Let’s switch gears for a moment and talk about your research. What are you working on these days? Are you in any sort of retirement mode when it comes to research?

Not really. I don’t do as much as I did 20 years ago. But I probably have five or six ongoing collaborations in projects related to family demography. My main interest right now, which has been emerging in the last couple of years since I entered this MacArthur Research Network on an Aging Society is to look at how intergenerational transfers might change as society ages and becomes more economically unequal and more diverse in terms of family form.

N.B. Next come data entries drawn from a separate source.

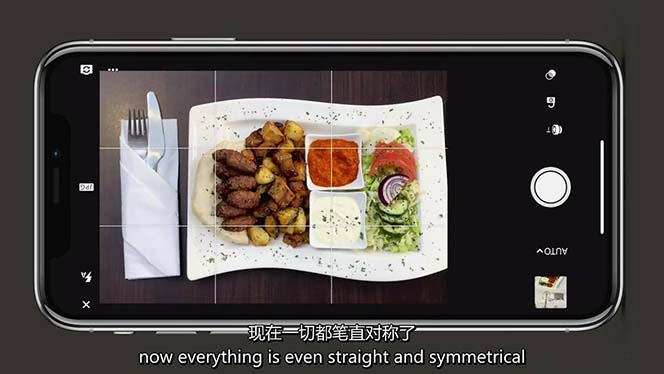 图片[6]-iPhone 美食摄影-掌握美食摄影造型-构图和编辑艺术-21节课-中英字幕 - 副业心选-副业心选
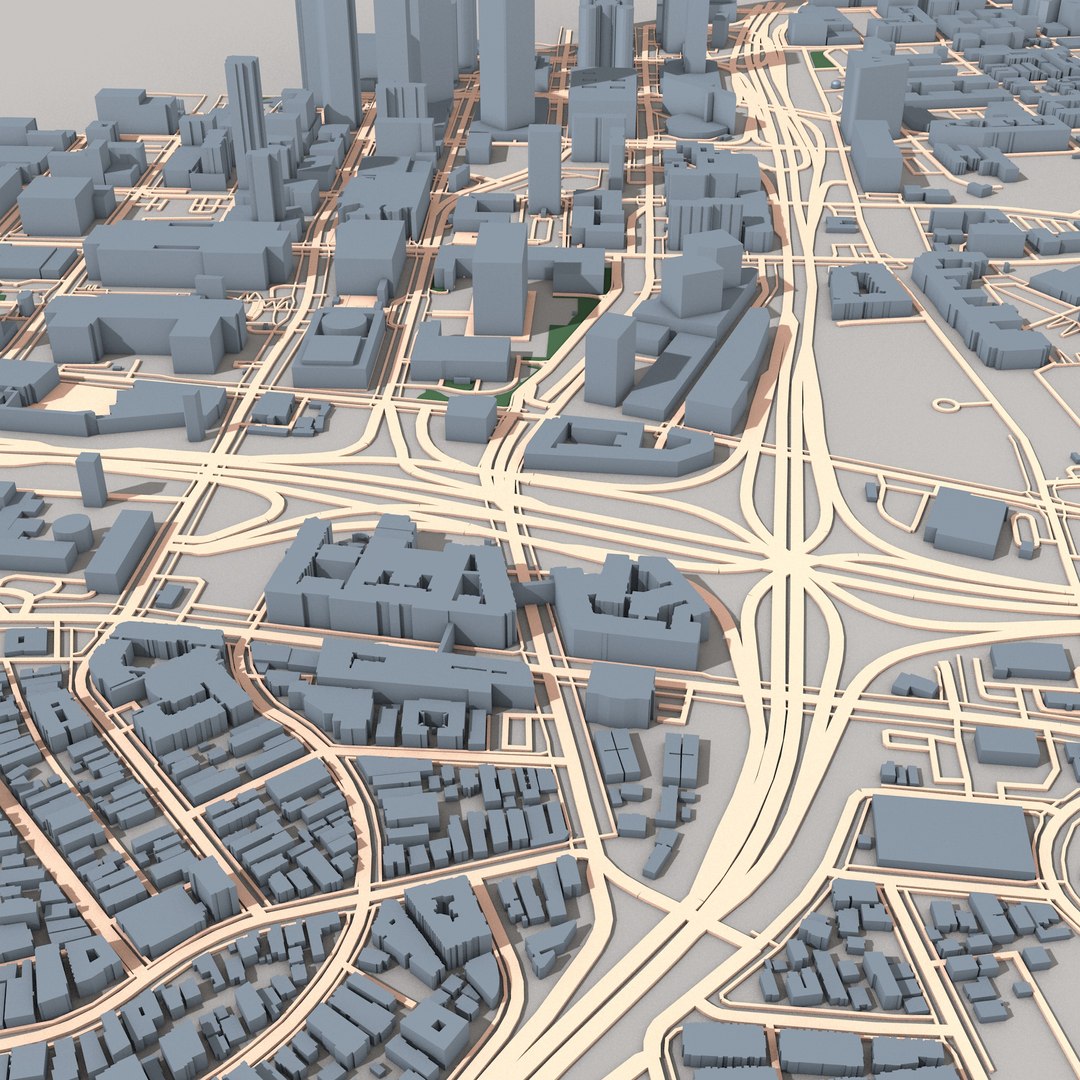 3D Los Angeles City USA TurboSquid 2293716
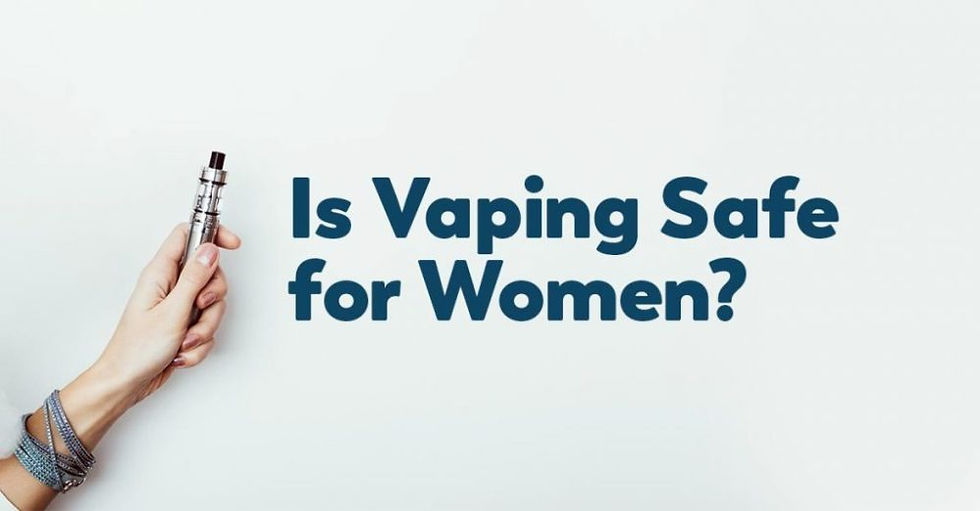 does vaping cause cervical cancer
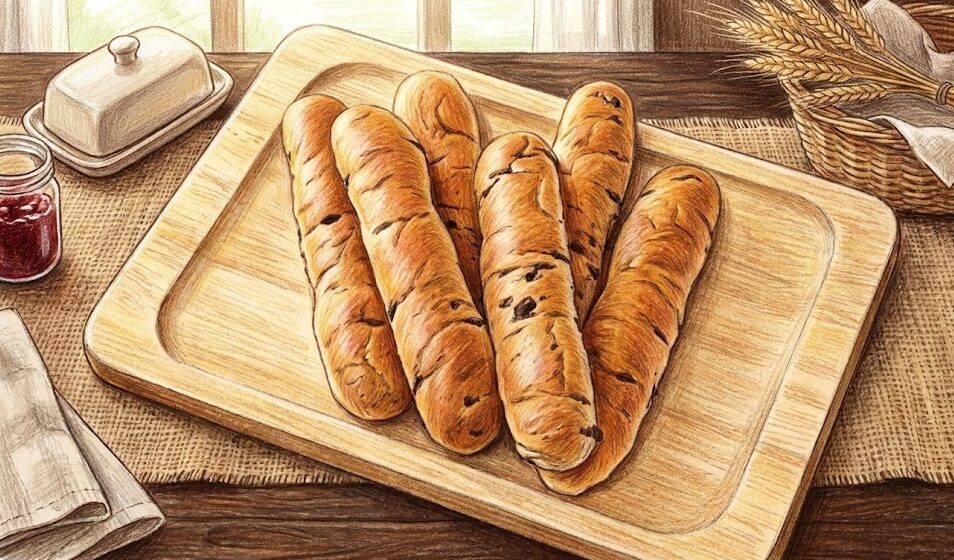 チョコスティックパンは太る？理由を分析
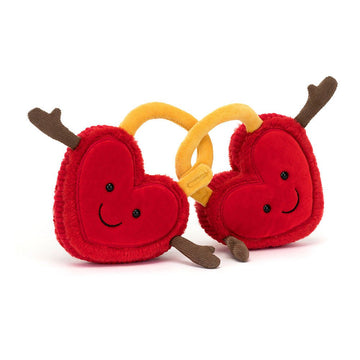 Jellycat - Amuseables Val & Tina Love Locks Plush & Rattles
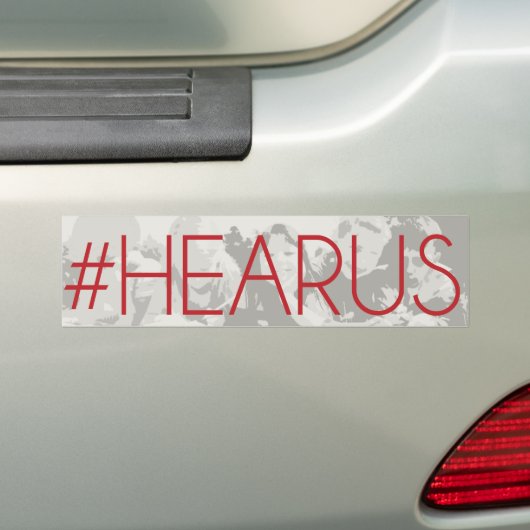 Autocollant De Voiture Adhésif pour pare-chocs de #HEARUS (En voiture)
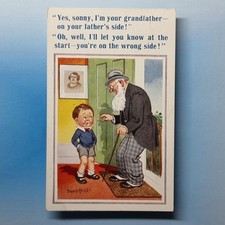 Donald McGill Comic Postcard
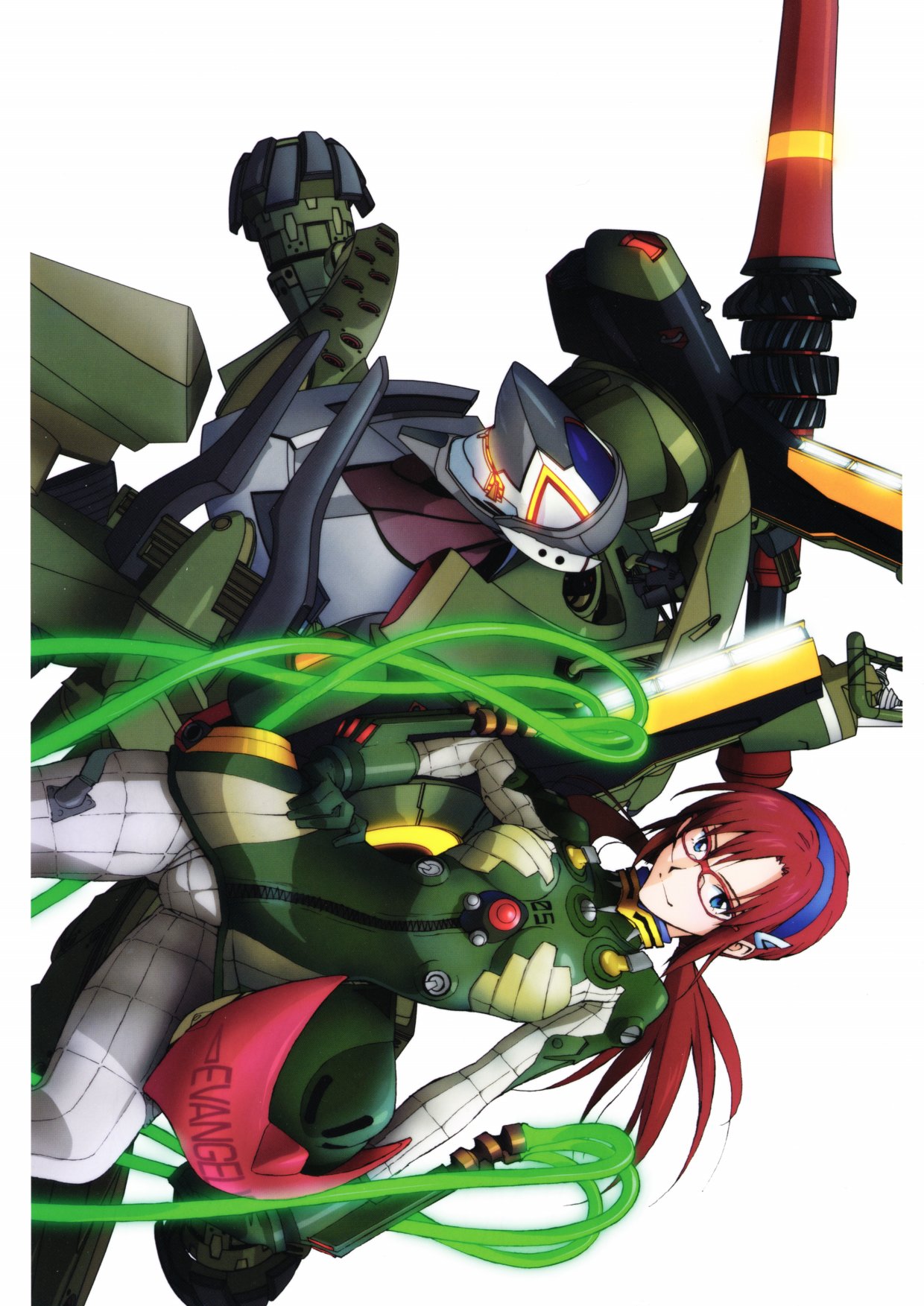 《新世纪福音战士新剧场版原画集》漫画最新章节第2卷免费下拉式在线观看章节第【6】张图片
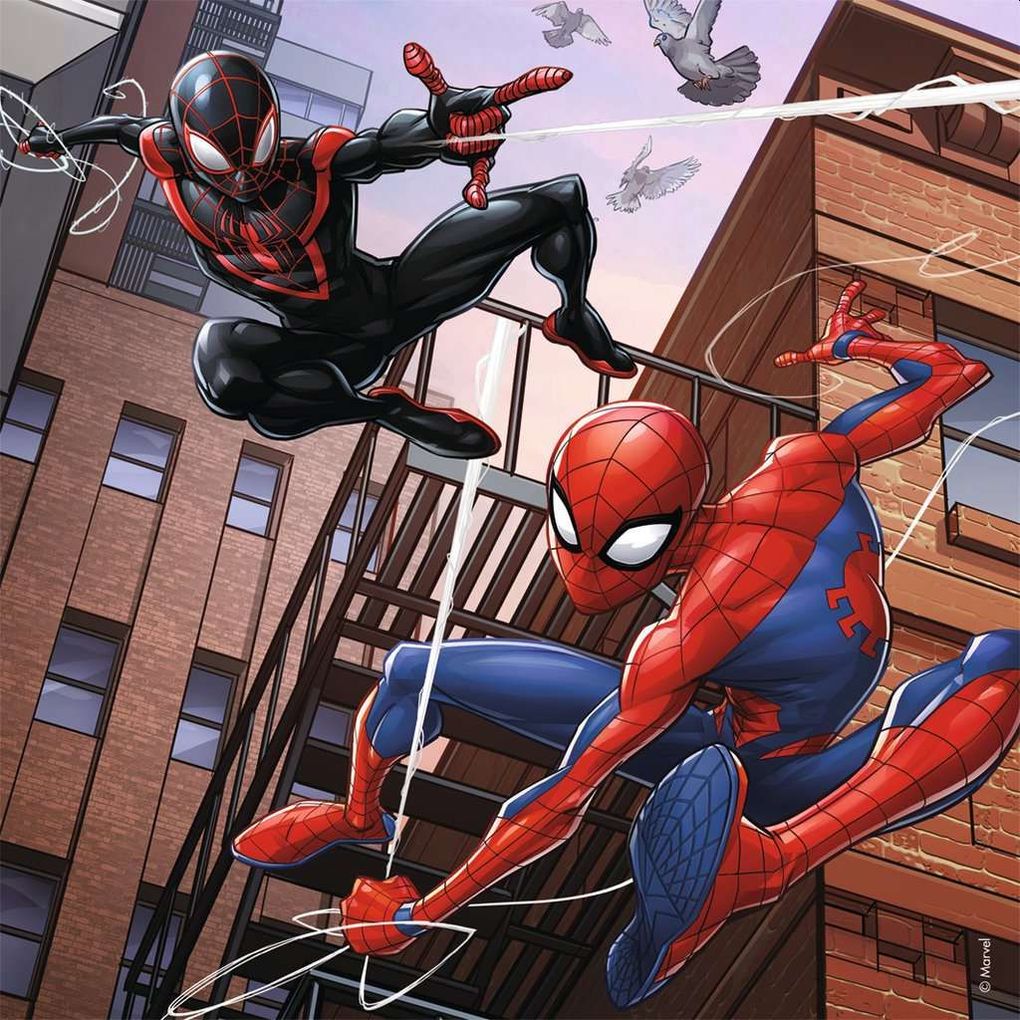 Weitere Ansicht: Ravensburger - Spider-Man beschützt die Stadt, 49 Teile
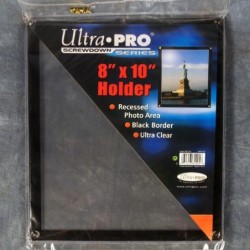Ultra-Pro 8X10 Screwdown Black Border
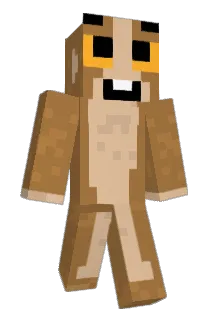 AutoShift Minecraft avatar full body
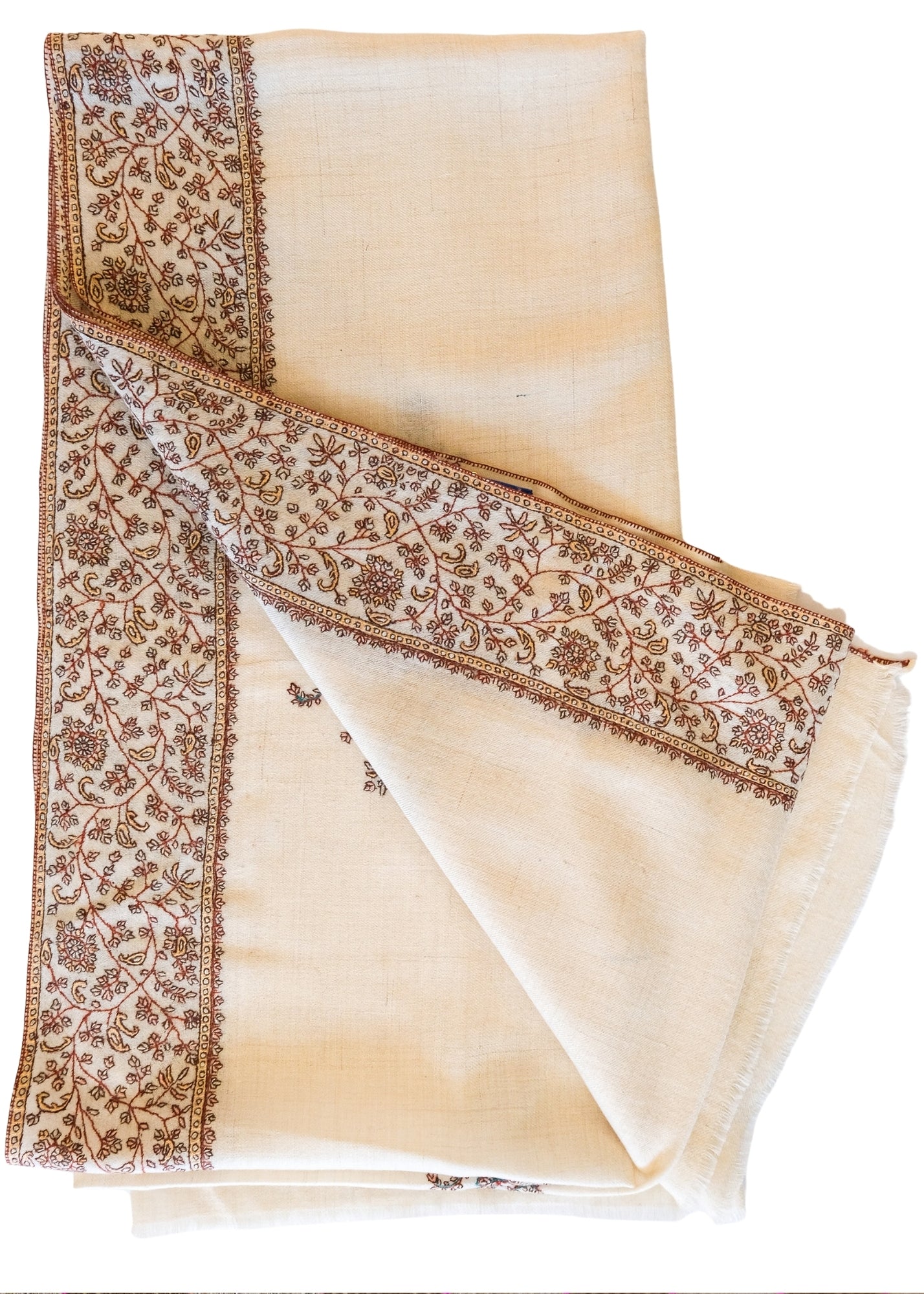 YASER | MINI BORDER SHAWL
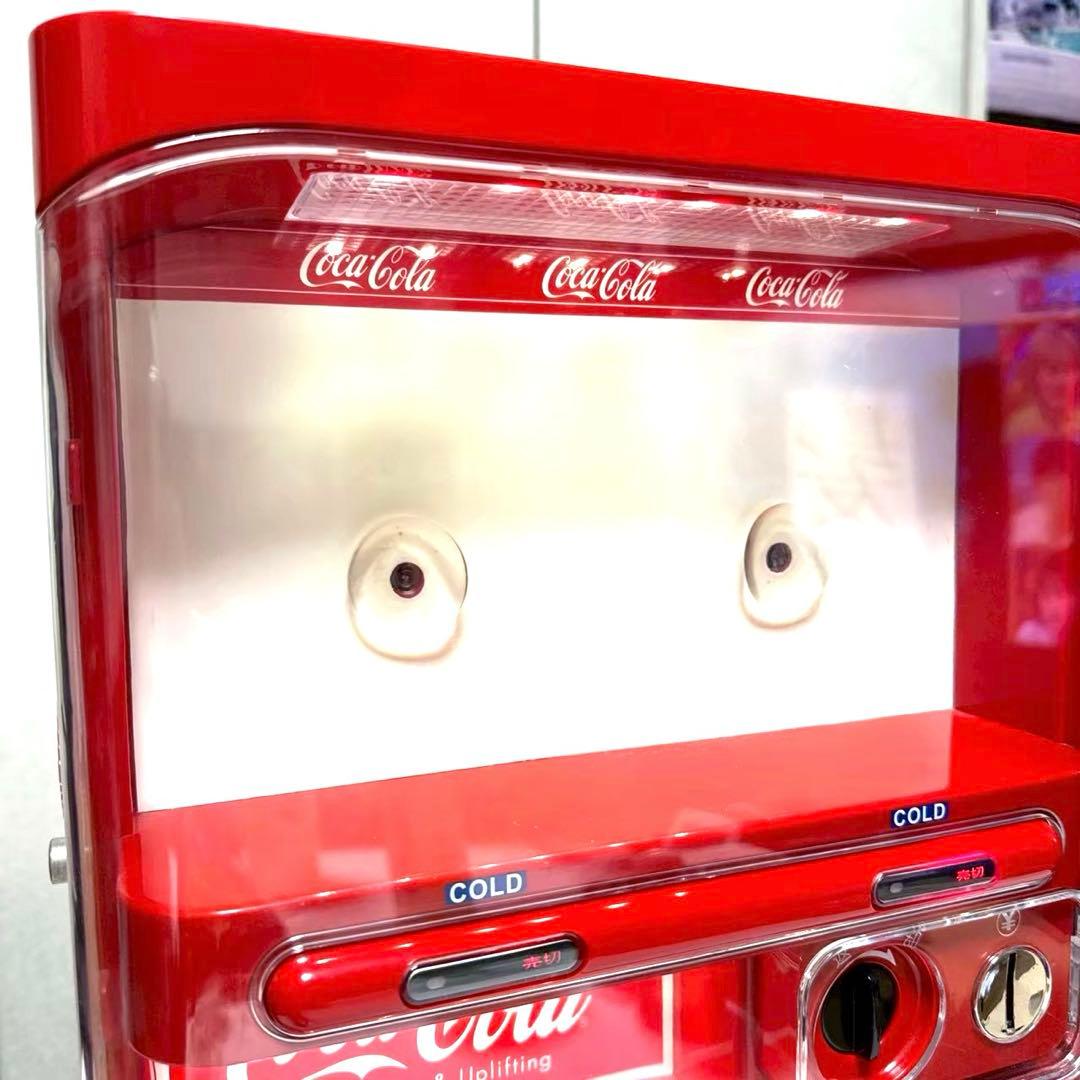 ☆動作確認済・送料込 ☆ コカコーラ 自販機 保冷庫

I’m more interested in money and property than I am emotional support and time, but I’m interested in all of those features of intergenerational exchange. I don’t think I’ll write a book on that, but I’m working on some papers. So that has led me to Asia. Asia seems to be the hottest laboratory for studying family change, and this year I got a Fulbright that will last for five years, called a Senior Fulbright Specialist, so I can have resources to visit these societies. I hope to write conceptual papers as well as empirical papers on how things are playing out. This year we put out a special issue of  The ANNALS of the American Academy of Political and Social Science Series on the transition to adulthood in Asia, but I’m now working with someone on doing a similar volume on intergenerational relations in aging societies. Asia is a wonderful example of that.


What’s on your itinerary then?

Probably more travel to Asia is in my future, I hope! I’ll keep coming back from time to time to Europe. But I like to help build infrastructure, too. I had one of these Fulbright things about 10 years ago and I worked in Latin America and tried to build infrastructure to try to collect common data and had some success. I’ll probably try to work on that in Asia as well. They don’t have the equivalent of the country-level datasets and cross-national datasets that Europe has been building and that the U.S. and Europe have in common, so helping more of that to happen in Asia is a good thing. And I like the food. I won’t go anywhere I don’t like the food.


Can we say how old you are Frank?



So you’ll be 78 and still going to Asia?

I hope! I would hope, I would hope! I certainly intend to keep working as long as it’s fun and I’m moderately good at it. And when I’m not moderately good at it, I’ll try to be as helpful as I can to people in skill development or something of that sort. But I think I’ve got another five years or so in me.